<<<<
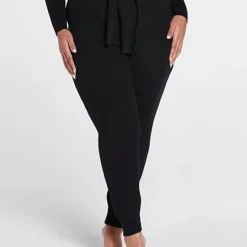 Fashion To Figure Dana Ribbed Knit Jogger Pants -Pleasures SHOP x 6b8a7f4b f9eb 4e01 965f 2d6fba091d79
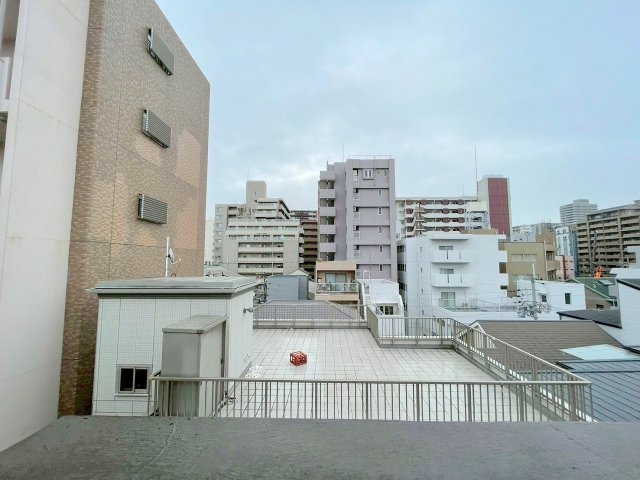 淀川中央マンションの展望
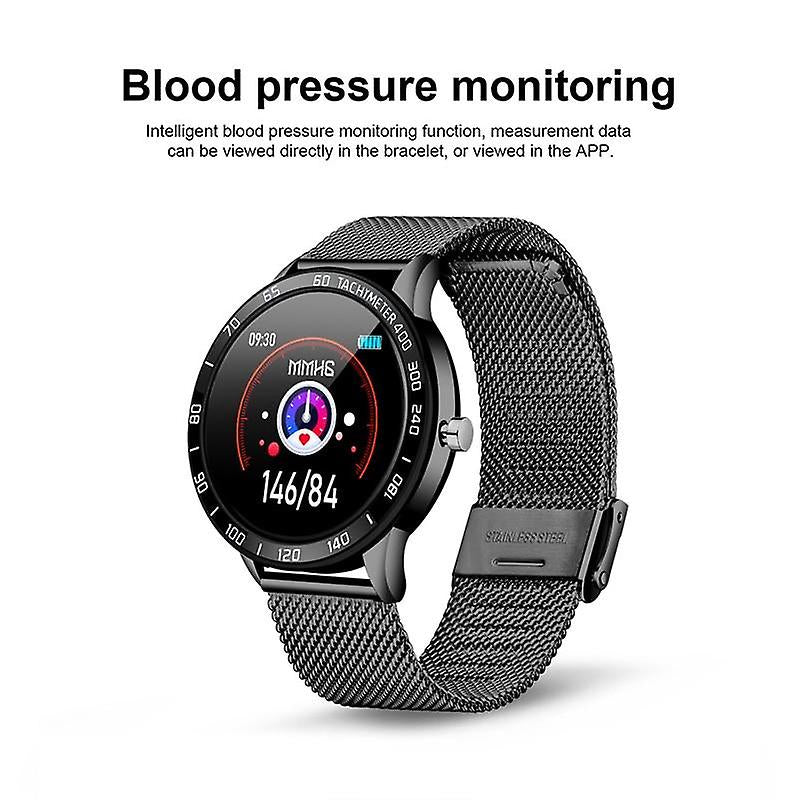 Activity Monitors smart watch oled-color screen heart-rate blood-pressure fitness tracker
>>>>
* What you have to do *
Give back exactly the lines from the one containing "淀川中央マンションの展望" through the last line above, both included, and none of the pictures.

* Exercise result *
 淀川中央マンションの展望
 Activity Monitors smart watch oled-color screen heart-rate blood-pressure fitness tracker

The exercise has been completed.